SCOTUS decision on Louisiana abortion clinic law.

Bp. Donald Hying has been in his See of Madison for just a few days over a year. He has not be either idle or shy. See his public reaction to the latest terrible decision of the Supreme Court of the United States in the case of June Medical Services L. L. C. v. Russo.  Breyer wrote the opinion.

The decision is also a defeat for law and order.   One talking head I heard opine about the decision thought that this is Justice Roberts attempt to get the SCOTUS out of politics.   If he is right, then Roberts is beyond naive.  Moreover, it should matter to Justices if people who don’t sit on the Court politicize the Court.  Their job is to be impartial.  This is why they have life appointments.

What was this case?  Louisiana passed a law (Act 620) having bi-partisan backing which required abortion (therefore oath violating) practicing physicians at abortion clinics to have admitting privileges at hospitals… because things can go very wrong… within 30 miles.  The law was virtually the same as one in Texas.  In 2016, the SCOTUS in found 5-3 in the case Whole Woman’s Health v. Hellerstedt that the Texas law was unconstitutional.  Breyer wrote the opinion. Justice Thomas filed the dissent and Alito and Roberts joined in the dissent.  Opinions HERE.

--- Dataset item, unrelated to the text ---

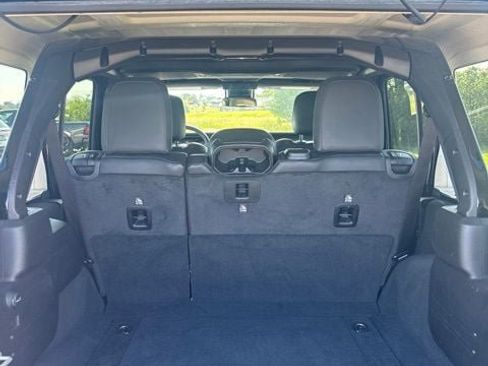 Used 2024 Jeep Wrangler Unlimited Sahara w/ Dual Top Group AWD/4WD image 5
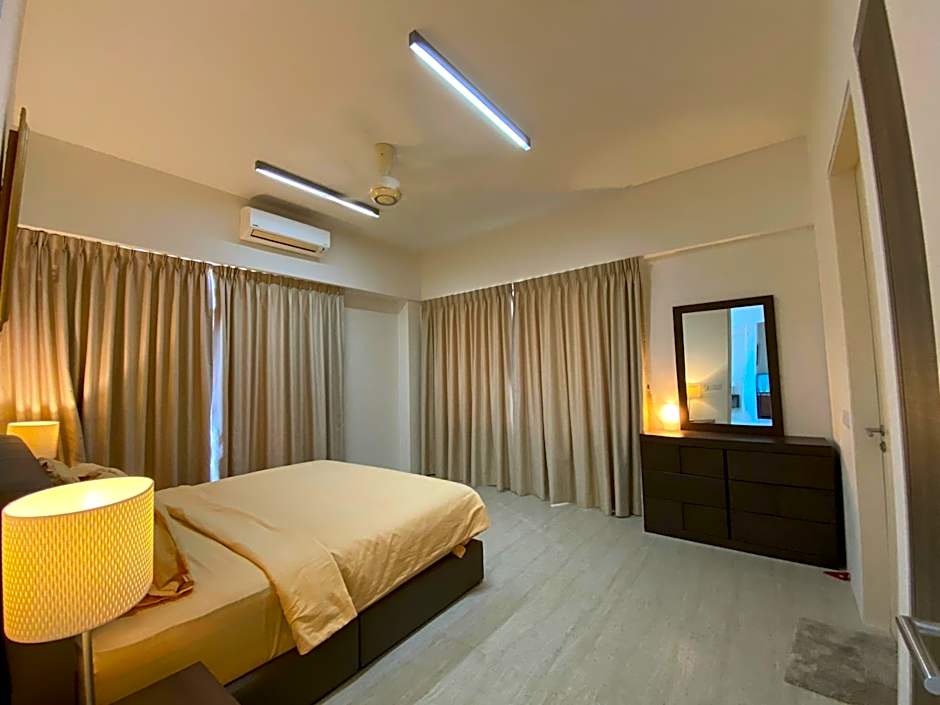 By The Sea@Side Seaview n swimming pool view #133A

The Louisiana law had survived the 5th Circuit Court of Appeal, which said that the Louisiana law was different from the Texas law.   Then the District Court found on rehearing that the Louisiana law unconstitutional because of Whole Woman’s Health.   In February the SCOTUS told Louisiana not to enforce the law.  Soon after, in early March, Sen. Schumer threatened the Justices in regard to this case.  HERE

Did the law (requiring doctors to have admitting privileges at a hospital within 30 miles) impose an undue burden on women seeking abortions (cf Casey)?  In Louisiana the court said that it would: if there is an emergency, whether a doctor has admitting privileges or not, women must still be admitted at a hospital emergency room under federal law if you get them to the hospital.   However, the number of abortion clinics dropped because of Act 620, which was used also to argue from Casey against the Act.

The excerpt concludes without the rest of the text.